[Collected data entries]
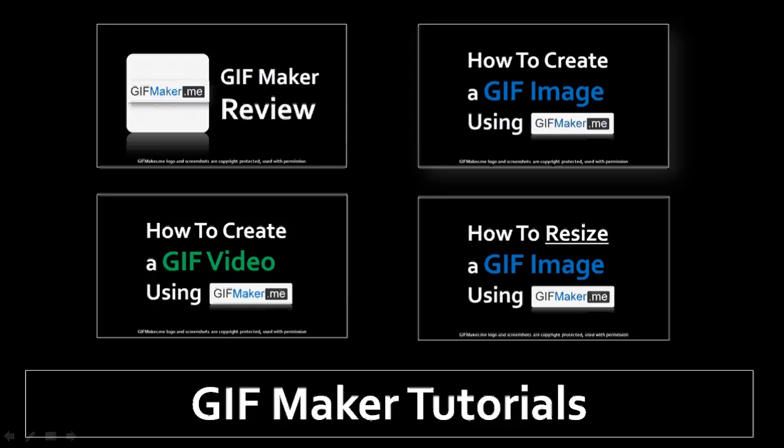So, that's pretty much it. You can check my video review, like I said, and other tutorials on gifmaker.me. And if you've got any comments or questions, you can leave them in the comment section. Thanks for stopping by.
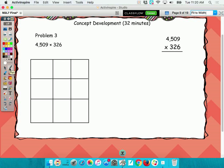Boys and girls, we're ready for problem three. Before we do anything, this to me looks like a four by three multiplication problem. But my area model boxes only show three by three. Daniel, would you please tell me why you think my four by three problem only has nine boxes?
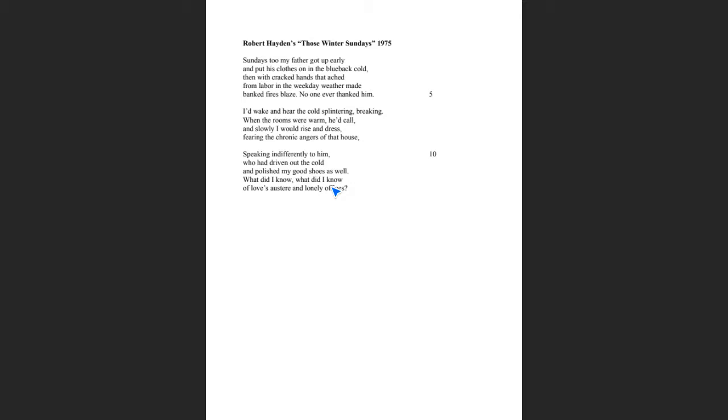You notice that he's a hardworking man. He has cracked hands that ache. We assume that he works six days a week because we hear that Sundays too, he got up early. We notice that no one ever thanked him in line five. We notice in line 10 that people were speaking indifferently to him. And so the repetition of what did I know, what did I know, seems to me like a sense of regret. And of love austere. Austere is kind of like this coldness, distance, and lonely offices.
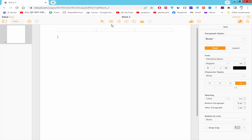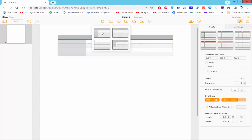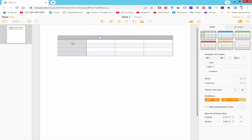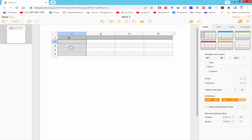Firstly, insert a table and put the text into the cell.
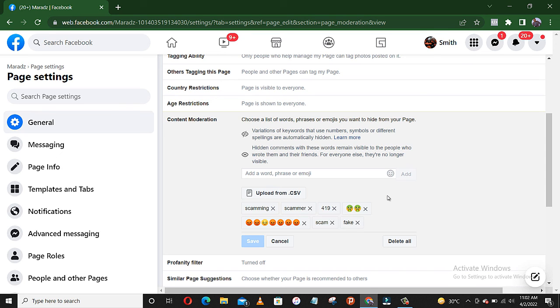So that is that on how to filter your Facebook page from negative comments. Please just go right ahead and save your business and your adverts on Facebook with these procedures.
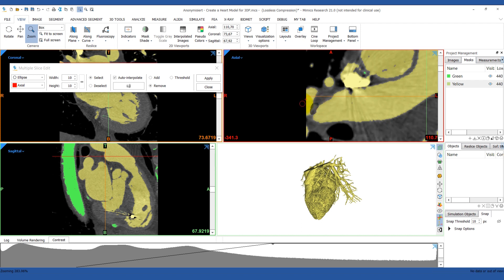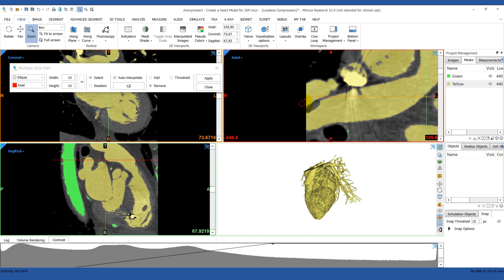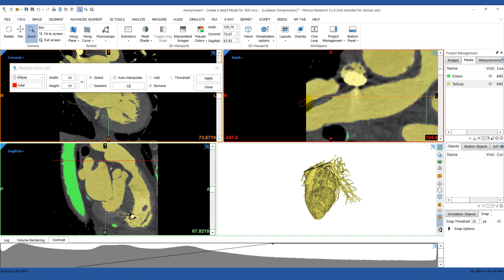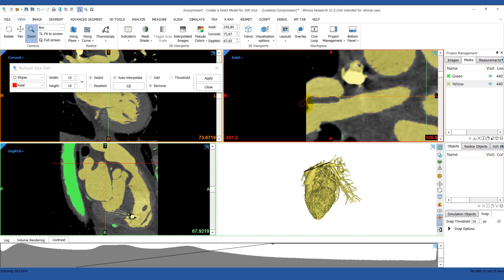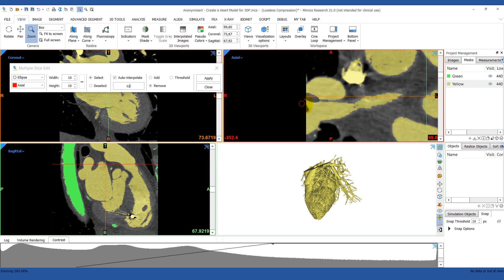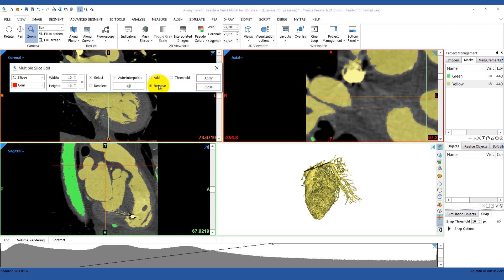When you're done, scroll back through your images to make sure that the markings are correct. If you want to touch up any areas, you can. When you're ready, make sure that your operation is set to Remove, because we want to remove the connection, and then hit Apply.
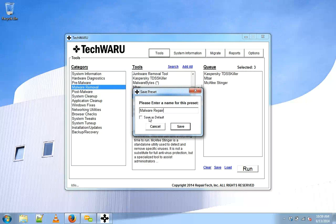Now we're going to go ahead and not save that as default because malware might not be the typical use case. But if you wanted to you could click Save as default and when TechWARU loads the malware repair preset would be the queue that would load up. So we'll uncheck that this time and click Save.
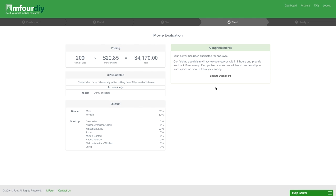If nothing more is needed, we'll launch your survey on the requested fielding dates. We also will email you instructions on how to track your survey and see the data come in in real time.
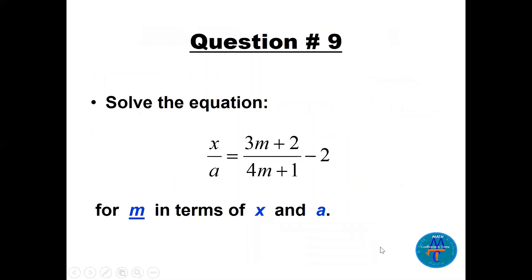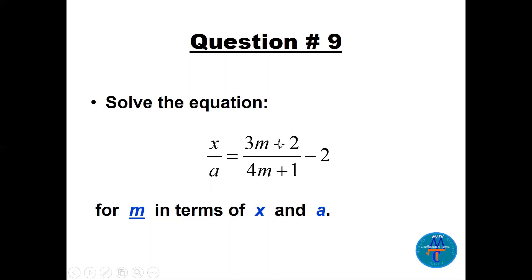Question 9: Solve for m in terms of x and a. This equation has three variables (x, a, m), so we can't find a single numerical value — we solve for one in terms of the others. We want to isolate m. The challenge is there's a minus 2 term, so we can't simply cross-multiply. Two choices: multiply everything by the LCD (which is a times (4m + 1)), or combine the right-side fractions first and then cross-multiply.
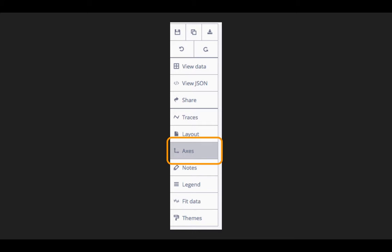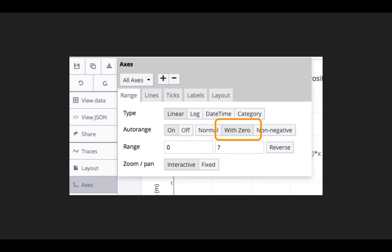To include the origin in your plot, you need to click on the Axes button in the toolbar. Then in the autorange section, change it from normal to with zero to include the origin.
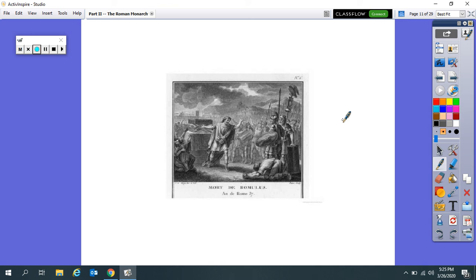Wow. Romulus murdered. No male heirs. What is the Senate going to do? That's next time on Storytime.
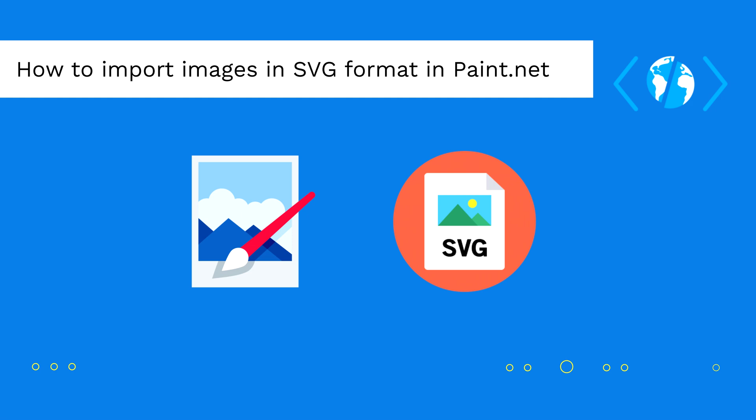Fortunately, there's a way to import this kind of files through a plugin. In this video, we will explain you briefly how to install the plugin that will allow you to import images in SVG format easily in Paint.net, so you can easily edit them as portable network graphics.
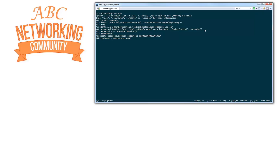What I'm going to do now is use amp_session — the one we just created — to post some data to this API. We are going to post to HTTPS, of course that's important, to 172.16.0.3 slash login — same as we saw with curl. I'm going to use my headers variable, my data variable, and also verify=False, because that's the same as the minus K option so we don't need to trust the certificate.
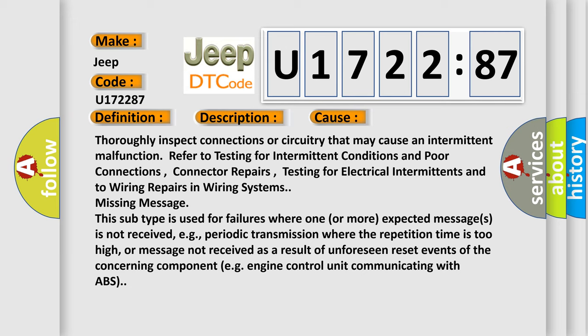Thoroughly inspect connections or circuitry that may cause an intermittent malfunction. Refer to testing for intermittent conditions and poor connections, connector repairs, testing for electrical intermittents, and to wiring repairs in wiring systems.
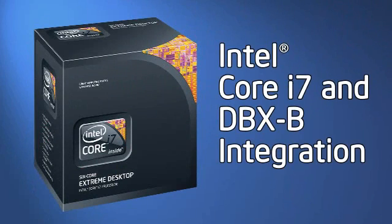Installation of the new Intel Core i7 Processor and DBX-B Thermal Solution is a straightforward process with some key differences from other desktop integrations.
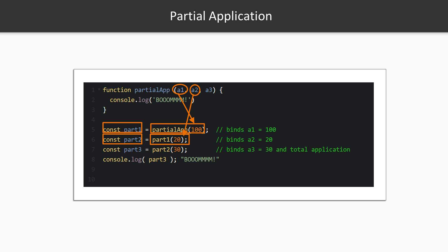In this example, which won't work with regular JavaScript by the way, the function partialApp doesn't run or totally apply until all its arguments are present. When it is called for the first time with the value 100, that argument is bound to a1 and it returns a new function that doesn't take an a1 argument as it already has a value bound at a1, the value 100. The new function only expects two more arguments before it can run. So we could call that new function with another argument and it would bind that value to a2.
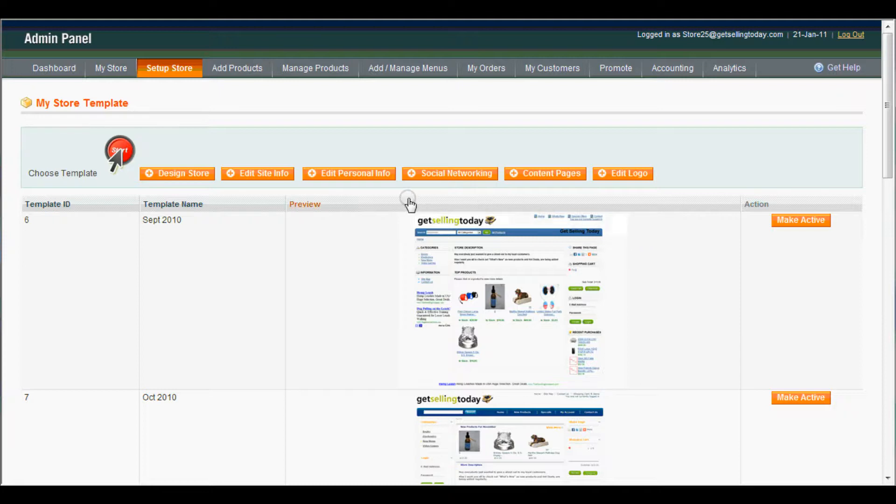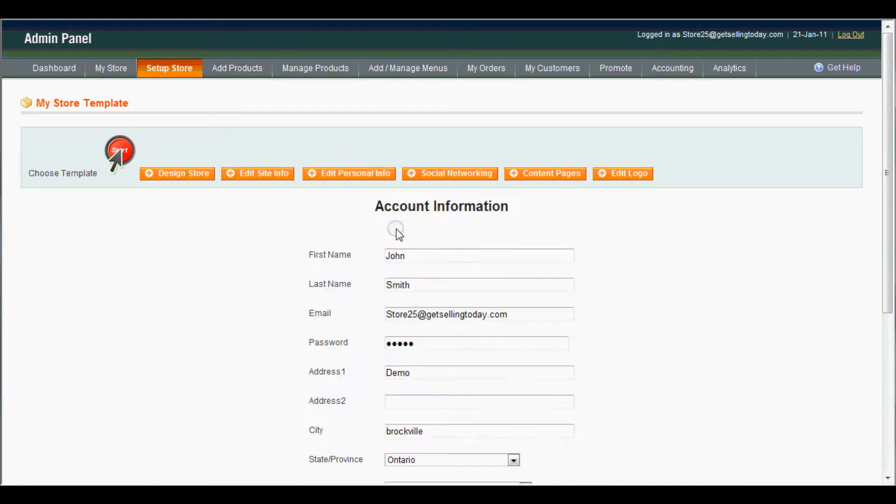And that's it. If you went back in to edit personal info, you can see that it has been changed.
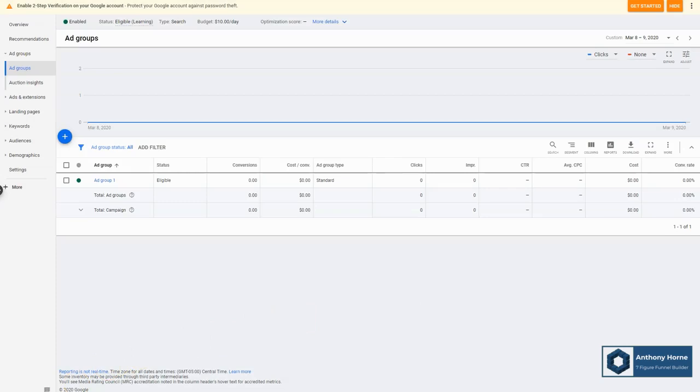Now in the next module, we're going to be revisiting Google ads, but this time for banner ads, after we've gone through the process of creating a banner ad creative.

**Exercise objective**
Only the lines from the one with "Thoroughly inspect connections" through the final line of the entries above should be transcribed, exactly and without pictures.

**Output for this task**
Thoroughly inspect connections or circuitry that may cause an intermittent malfunction. Refer to testing for intermittent conditions and poor connections, connector repairs, testing for electrical intermittents, and to wiring repairs in wiring systems.
Installation of the new Intel Core i7 Processor and DBX-B Thermal Solution is a straightforward process with some key differences from other desktop integrations.
In this example, which won't work with regular JavaScript by the way, the function partialApp doesn't run or totally apply until all its arguments are present. When it is called for the first time with the value 100, that argument is bound to a1 and it returns a new function that doesn't take an a1 argument as it already has a value bound at a1, the value 100. The new function only expects two more arguments before it can run. So we could call that new function with another argument and it would bind that value to a2.
And that's it. If you went back in to edit personal info, you can see that it has been changed.
Now in the next module, we're going to be revisiting Google ads, but this time for banner ads, after we've gone through the process of creating a banner ad creative.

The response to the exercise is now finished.